▶

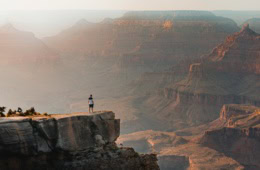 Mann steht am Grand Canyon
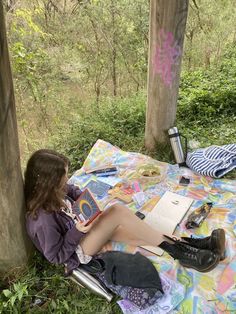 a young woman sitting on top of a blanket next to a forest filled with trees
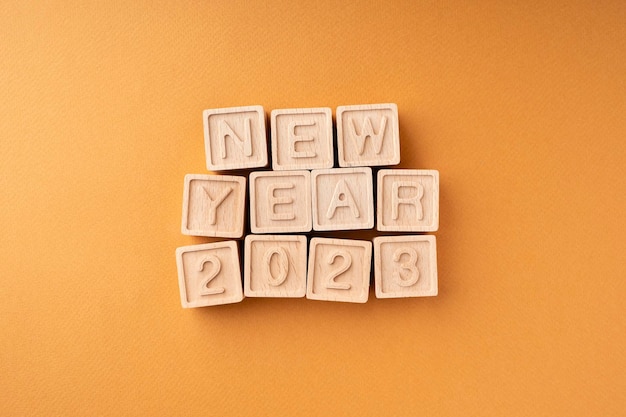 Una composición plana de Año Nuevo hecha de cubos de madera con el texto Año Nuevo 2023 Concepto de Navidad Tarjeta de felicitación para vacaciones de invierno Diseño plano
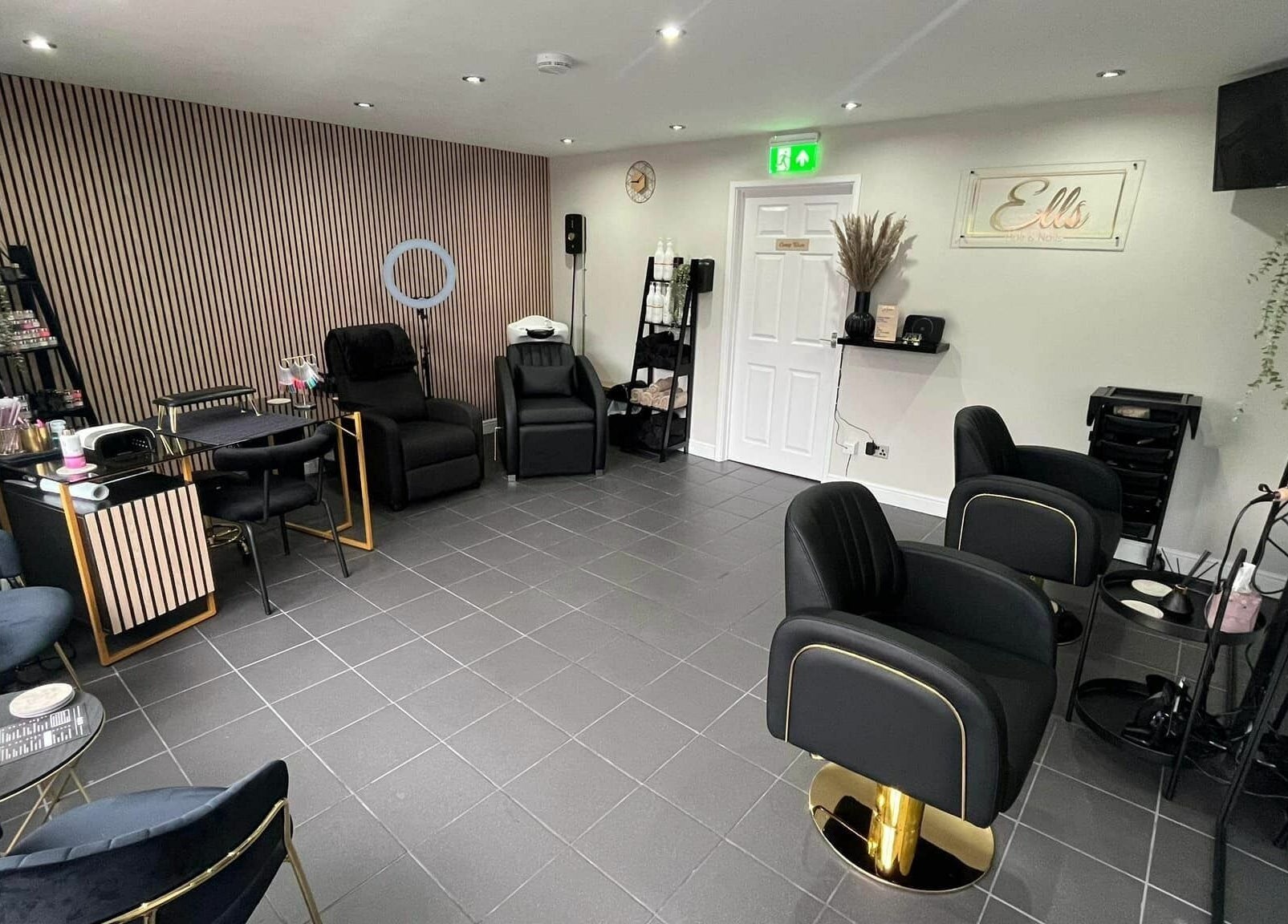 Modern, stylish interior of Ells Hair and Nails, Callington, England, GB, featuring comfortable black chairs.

◀
▶

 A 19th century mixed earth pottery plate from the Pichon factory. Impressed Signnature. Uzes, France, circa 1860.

◀

- Prompt -
In the listing above, find the line with "Mann steht am Grand Canyon" and the line with "Modern, stylish interior". Output both, plus every line between them, and no pictures.

- Solution to this problem -
 Mann steht am Grand Canyon
 a young woman sitting on top of a blanket next to a forest filled with trees
 Una composición plana de Año Nuevo hecha de cubos de madera con el texto Año Nuevo 2023 Concepto de Navidad Tarjeta de felicitación para vacaciones de invierno Diseño plano
 Modern, stylish interior of Ells Hair and Nails, Callington, England, GB, featuring comfortable black chairs.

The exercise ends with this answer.